I don’t understand how the ruling doesn’t take effect for 180 days. If it is unconstitutional, it is unconstitutional, and the government had no authority to pass such a law in the first place. Where does the court get the authority to grant the government an unconstitutional power for 180 days? What would stop the court from declaring a law unconstitutional, but giving the government a year to fix it? Or ten years?
Divermedic, the Supremes have done a similar thing, in Grutter V. Bollinger, stating that race-based affirmative action in law college acceptance criteria is wrong, but that 25 years, per Justice O’Conner, may be a good time to stop it.
What excuse they may have had in 15 more years (the case was heard in 2003) may be moot, since the Univ. of Texas is undergoing a case right now claiming reverse discrimination. So affirmative action for diversity’s sake may have had only a decade of life.
Considering that teh last attempt at a carry law came within three votes of passing, AND that the pro-carry side will be reminding teh anti-carry side that if teh court doesn;t like the law and feels it’s inadequate, they end up, de facto, with Constitutional Carry, I think a reasonable permit law will come out.
Of course, they may try to go with a “Discretionary Freedom” law like MD, NY, or CA, but I suspect that’ll go over like a lead zepplin on retrial as well.
Illinois has already got a good shall-issue bill that just barely didn’t pass the past couple years, and apparently it took some serious Chicago-style arm-twisting to keep those last few “no” votes in line.
With some form of carry now mandated the “agin’ it” faction don’t have a lot of leverage to bugger up the existing shall-issue bill. Any “no” that was on the fence has some political cover.
The 9th Circuit just heard oral arguments in challenges to California’s and Hawaii’s discretionary “may-issue” permit policies.
The case for retaining discretionary issue (that has amounted to non-issue in many CA counties and the entire state of Hawaii) wasn’t very strong by all accounts.
The 2nd just upheld Sullivan in NY, but the reasoning resembled the dissent in this ruling, very strained.

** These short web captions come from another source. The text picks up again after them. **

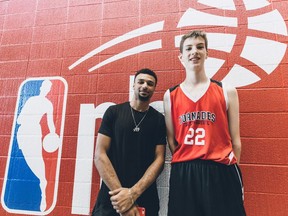 Denver Nuggets guard Jamal Murray, left, poses for a photo with Olivier Rioux, 12, in St. Catharines, Ont., in this recent handout photo. A grinning Denver Nuggets guard Jamal Murray posed for a selfie at last weekend's regional finals for the Jr. NBA world championship in St. Catharines, Ont., with a 12-year-old boy. Murray requested the selfie, not the other way around. Why? Because standing a sky-high six-foot-10, Olivier Rioux towers over the Canadian NBA player by seven inches.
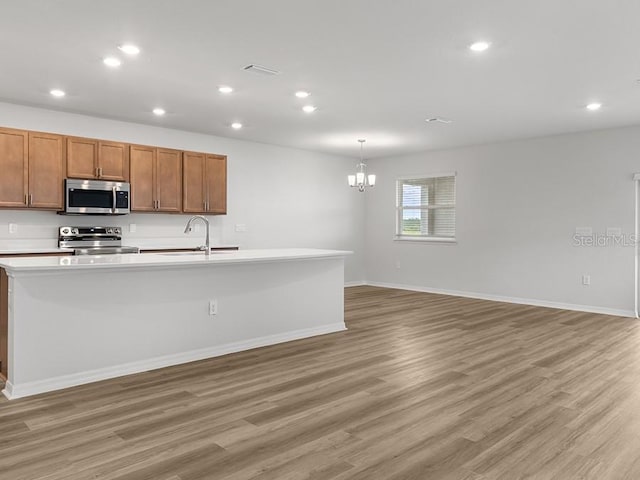 kitchen featuring stainless steel appliances, a kitchen island with sink, sink, pendant lighting, and light hardwood / wood-style flooring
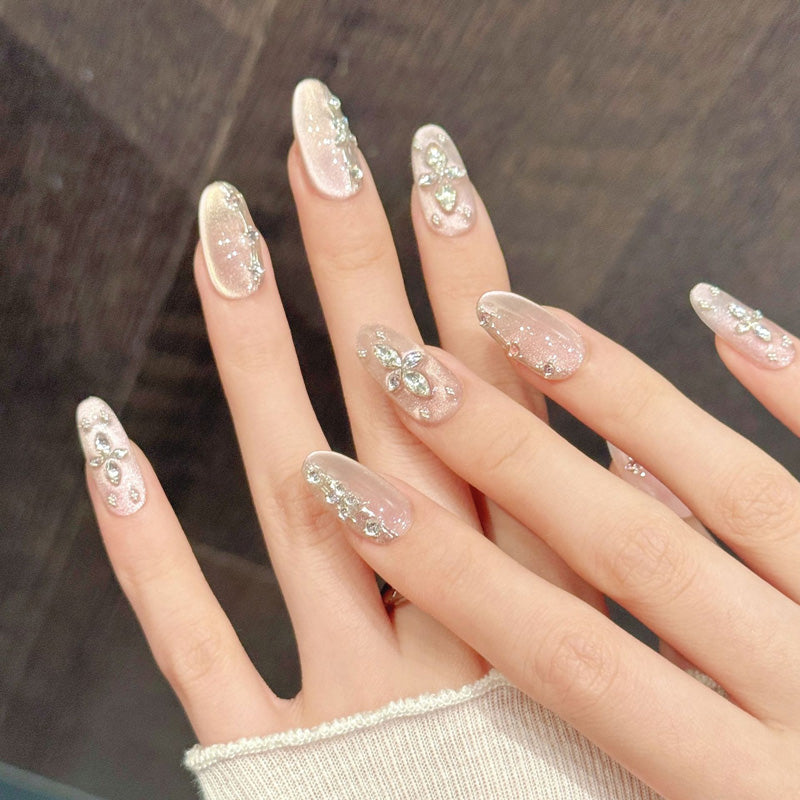 Premium oval nails for elegant luxury - crystal diamond accents, silver shimmer, delicate rhinestone borders, soft pink, perfect for sophisticated celebrations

At any rate, the threat of immediately being sued over a “may-issue” scheme that is “no-issue in practice” like CA, NY, and HI currently are might also be a stick to convince the hold-outs in the Illinois legislature to just give in to the shall-issue bill currently in play.
Matthew, I’m thinking of the Wollard v. Maryland case requiring a “good and substantial reason” for carrying a handgun might wind up driving “May Issue” to the Supreme Court, since we have two Federal Courts disagreeing on the same thing.
Unless TPTB in Maryland can be talked into taking their lumps and not appealing. Remember, Heller wouldn’t have made it to the Court if DC Mayor Adrian Fenty hadn’t insisted on appealing all the way up the chain, hoping for a reversal.
Of course, how long it would take to get to the court and what the makeup of the court would be by then is anybody’s guess.
I don’t disagree about the circuit split. Since the rulings against “bearing” being fundamental rest, in my opinion, on the lower courts telling Scalia what he meant, I can see the current court expediting review.